Philipp Lehmann konnte und wollte das nicht verstehen. Er war und fühlte sich als Deutscher, alle Warnungen, vielleicht doch an eine Auswanderung zu denken, wies er empört zurück.
1936 wurden er und Henny gezwungen, ihre Wohnung zu verlassen, in der sie fast 30 Jahre gelebt hatten, um in ein so genanntes "Judenhaus" in der Schlachterstraße 42, (dem späteren Großneumarkt) , später in die Dillstraße 15 eingewiesen zu werden. Erst jetzt nahm Philipp die Wirklichkeit wahr.

Nach der Reichspogromnacht 1938, in der alle Synagogen im Reich zerstört oder niedergebrannt und seine Söhne Hermann und Karl für mehrere Wochen ins KZ Sachsenhausen verschleppt wurden, drängten ihn die Söhne, an eine Auswanderung zu denken.

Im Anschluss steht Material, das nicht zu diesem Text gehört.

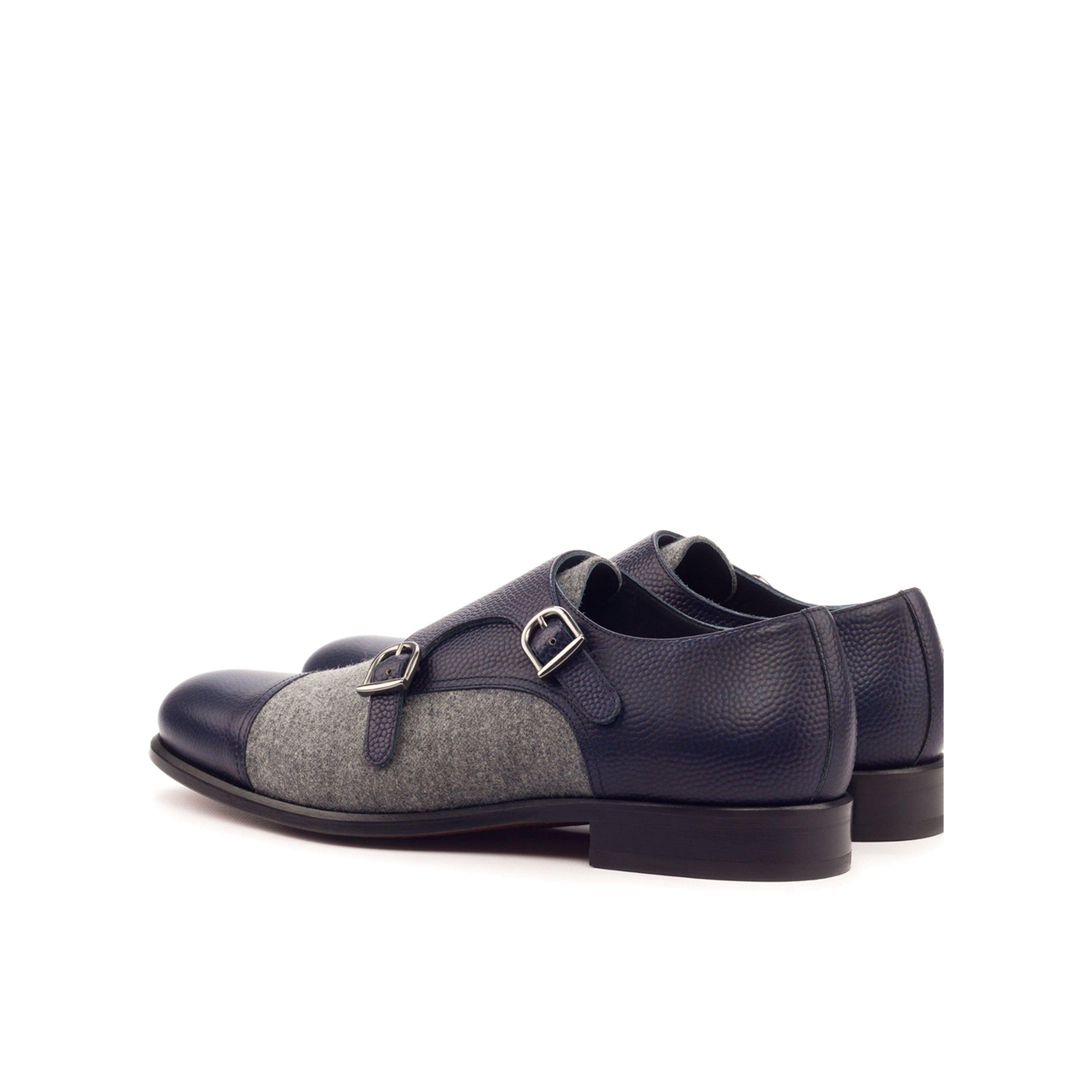 Sleek Soles Double Monk Shoe Navy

Karl und seine Frau Else sowie Hedy flüchteten nach England. Hermann und seine Frau Regina wurden am 8. November 1941 nach Minsk deportiert, Philipp und Henny erhielten den Evakuierungsbefehl im Dezember 1941, in dem es hieß:" …Sie haben sich am 6.Dezember auf dem Sammelplatz Moorweide einzufinden. Sie können je Person mitbringen: Einen Koffer bis zu 50 Kg, Bettzeug mit Decke, Verpflegung für 3 Tage, Zahlungsmittel bis 100 RM."

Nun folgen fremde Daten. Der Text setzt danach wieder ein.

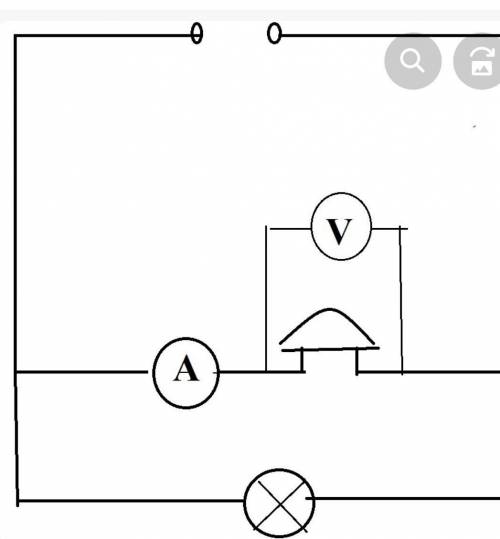 На каком участке цепи, в которой работают электролампа и звонок, надо включить амперметр и вольтметр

Am 6. Dezember 1941 wurden sie mit über 700 Hamburger und 90 Lübecker Juden ins KZ Jungfernhof bei Riga (Lettland) verfrachtet. Dort hatte die SS bereits am 30.11. ca. 4.000 Juden und am 8. Dezember mehr als 27.000 lettische Juden erschossen, um "Platz" für die deutschen Juden zu schaffen.

Philipp und Henny Lehmann waren damals 65 und 61 Jahre alt, sie hatten keine Chance, zu überleben, sie waren zu alt, um zur Arbeit eingesetzt zu werden. Wir haben nie wieder etwas von ihnen gehört.

Ihre Namen stehen – ebenso wie die von Hermann und Regina – auf dem Grabstein der Familie Lehmann auf dem Friedhof in Oxford. Wir sind froh, dass jetzt auch hier in Hamburg Stolpersteine an sie erinnern.